It's Sunday, two weeks have passed, and the merge window is closed. I
just pushed out the tag to the git trees, and tar-balls and patches
should be mirroring out too.

I thought this release would be one of the biggest ones ever, but it
turns out that it will depend on how you count. Just counting pure
commits, it is indeed one of the bigger rc1's in recent history, but
3.10-rc1 was almost as big, and then the final 3.10 grew from that
more than most. I doubt we'll match the 3.10 release, since we have
been getting progressively better at *not* merging tons of stuff after
-rc1.

And it turns out v3.15-rc1 had more commits than 4.2-rc1 does (by a
hair), so even there this isn't the biggest rc1 ever, if you count the
number of commits.

But it's certainly up there with the best of them.
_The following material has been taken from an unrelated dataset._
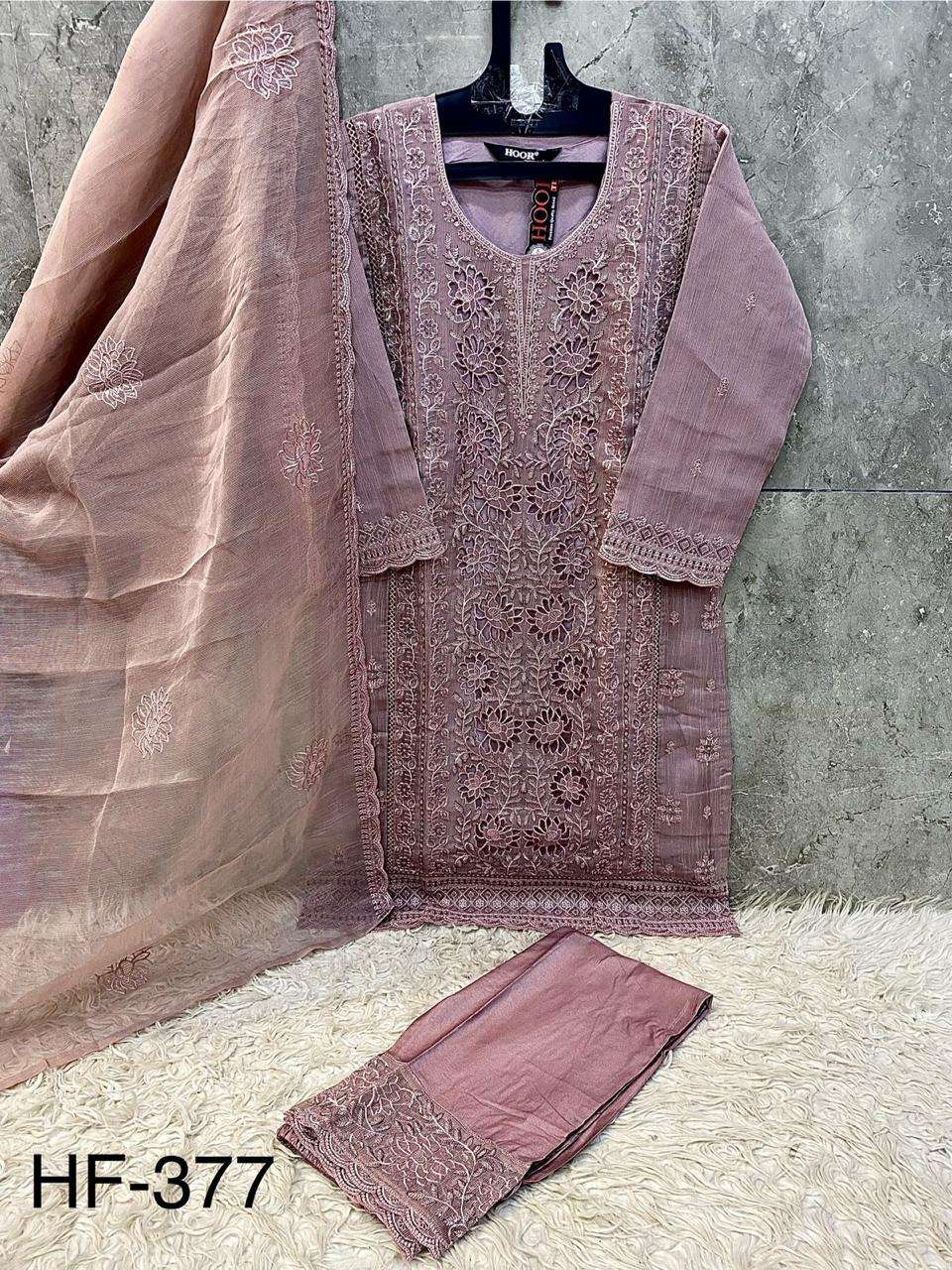 HOOR TEX HF 377 FANCY DESIGNER WORK READY MADE PAKISTANI SUIT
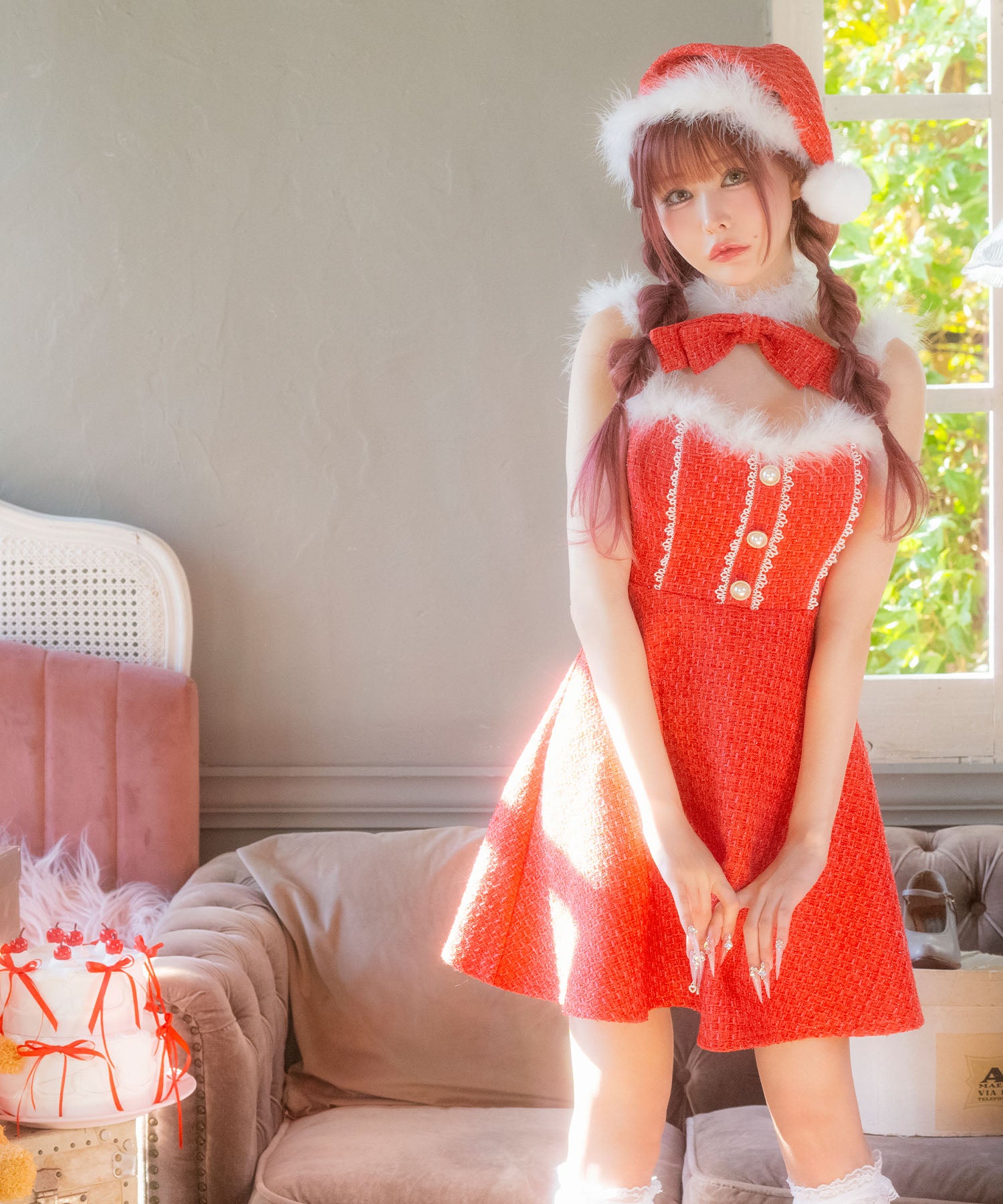 ティカ Tika サンタコス サンタコスプレ ツイード リボン レース フレアスカート ドレス セクシー クリスマス コスチューム サンタコス 3点set 【返品不可商品】（レッド） レッド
It's much too big
to post the shortlog, so as usual for rc1, appended is just my
"mergelog", with the people who are credited being the people I merge
from, which is usually not necessarily at all the same thing as the
people who actually authored the code. You'll need to go look at the
details in the git tree for that.

However, if you count the size in pure number of lines changed, this
really seems to be the biggest rc we've ever had, with over a million
lines added (and about a quarter million removed). That beats the
previous champion (3.11-rc1) that was huge mainly due to Lustre being
added to the staging tree.

The reason for that huge number of lines is largely a single source:
the bulk of this by far is from the new amd gpu register description
headers. In fact, just those register descriptor headers alone are
about 41% of the entire patch. The rest of the new amdgpu driver
itself is another 8% of the total, so we're in the somewhat odd
situation where a single driver is about half of the whole rc1 in
number of lines.

Aside from that unusual anomaly, the rest looks fairly normal - mainly
drivers and architecture updates. The Renesas H8/300 architecture came
back in a newly cleaned-up form, so we have some new(ish) architecture
support, but that's tiny and the bulk is ARM (with x86 a distant
second). Interestingly, there was quite a bit of low-level x86
changes: both source code re-organization for x86 entry code and lots
of FPU handling cleanups. That's fairly unusual, with low-level x86
code being fairly stable and seldom seeing those kinds of big changes.

Outside of the "drivers and architectures", there's a fair amount of
filesystem stuff, including some fundamental changes and cleanups to
symlink handling by Al. And all the usual updates to various
filesystems, networking, crypto, tools, testing, you name it.